Prompt: Before printing, remove every picture; then print the lines below exactly, from the first line through the line containing "Bookmark Laser Cut".

Source material:
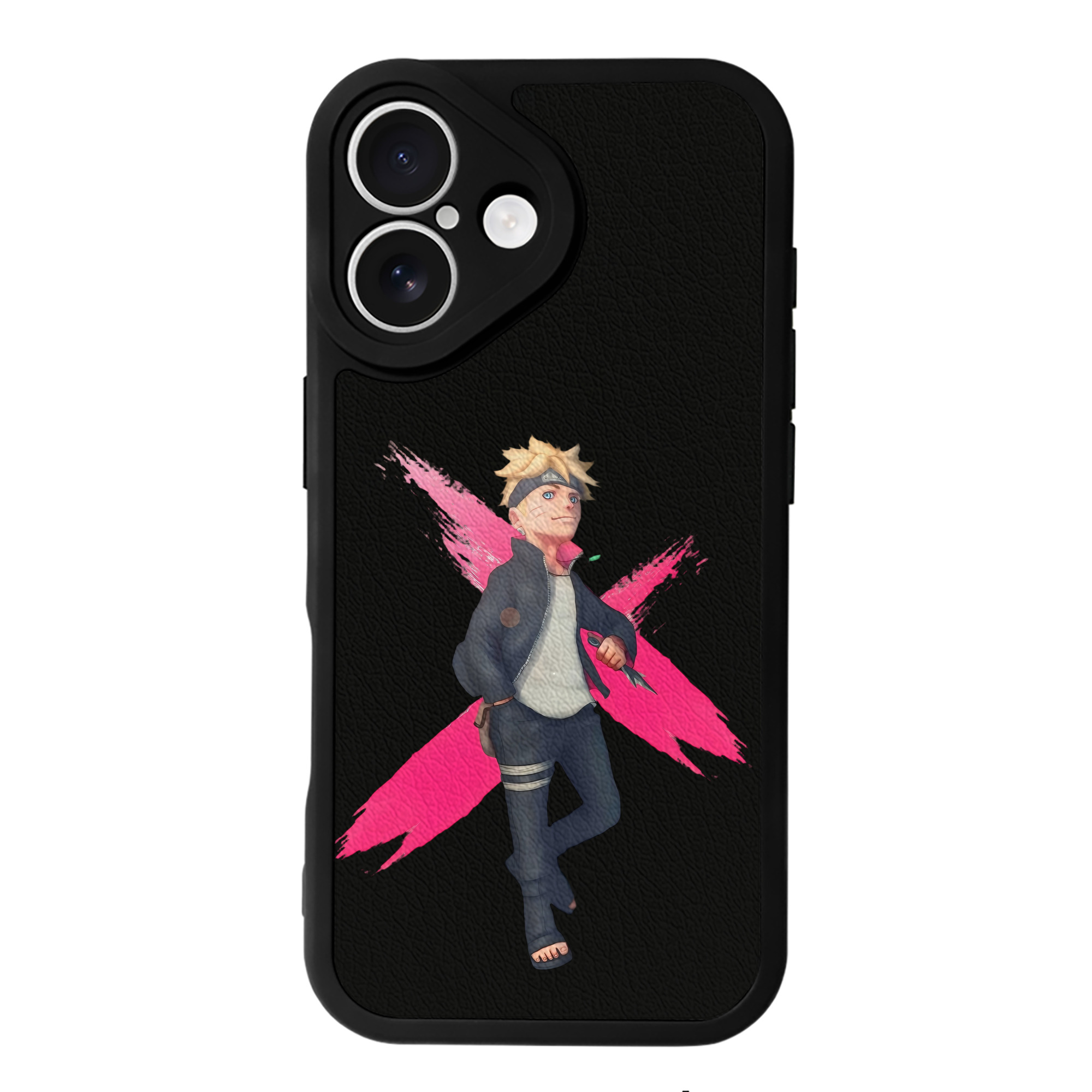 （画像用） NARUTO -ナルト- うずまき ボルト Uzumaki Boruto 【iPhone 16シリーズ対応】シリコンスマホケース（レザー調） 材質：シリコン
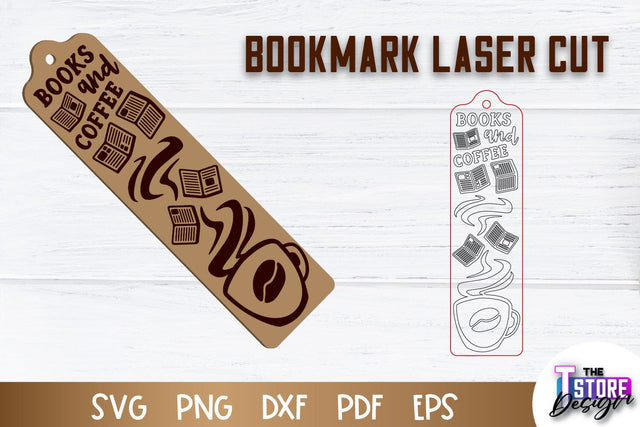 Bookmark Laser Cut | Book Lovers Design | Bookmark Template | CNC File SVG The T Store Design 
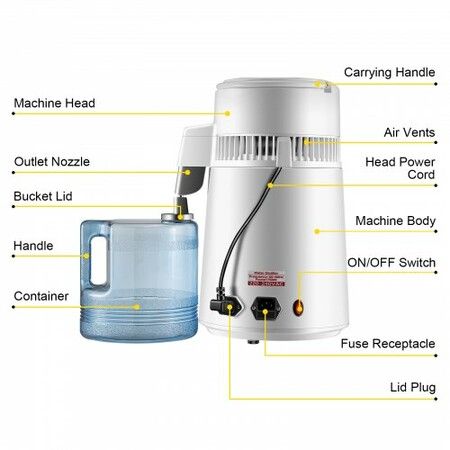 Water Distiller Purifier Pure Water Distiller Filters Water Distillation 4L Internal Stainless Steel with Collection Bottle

Solution to this task:
 （画像用） NARUTO -ナルト- うずまき ボルト Uzumaki Boruto 【iPhone 16シリーズ対応】シリコンスマホケース（レザー調） 材質：シリコン
 Bookmark Laser Cut | Book Lovers Design | Bookmark Template | CNC File SVG The T Store Design 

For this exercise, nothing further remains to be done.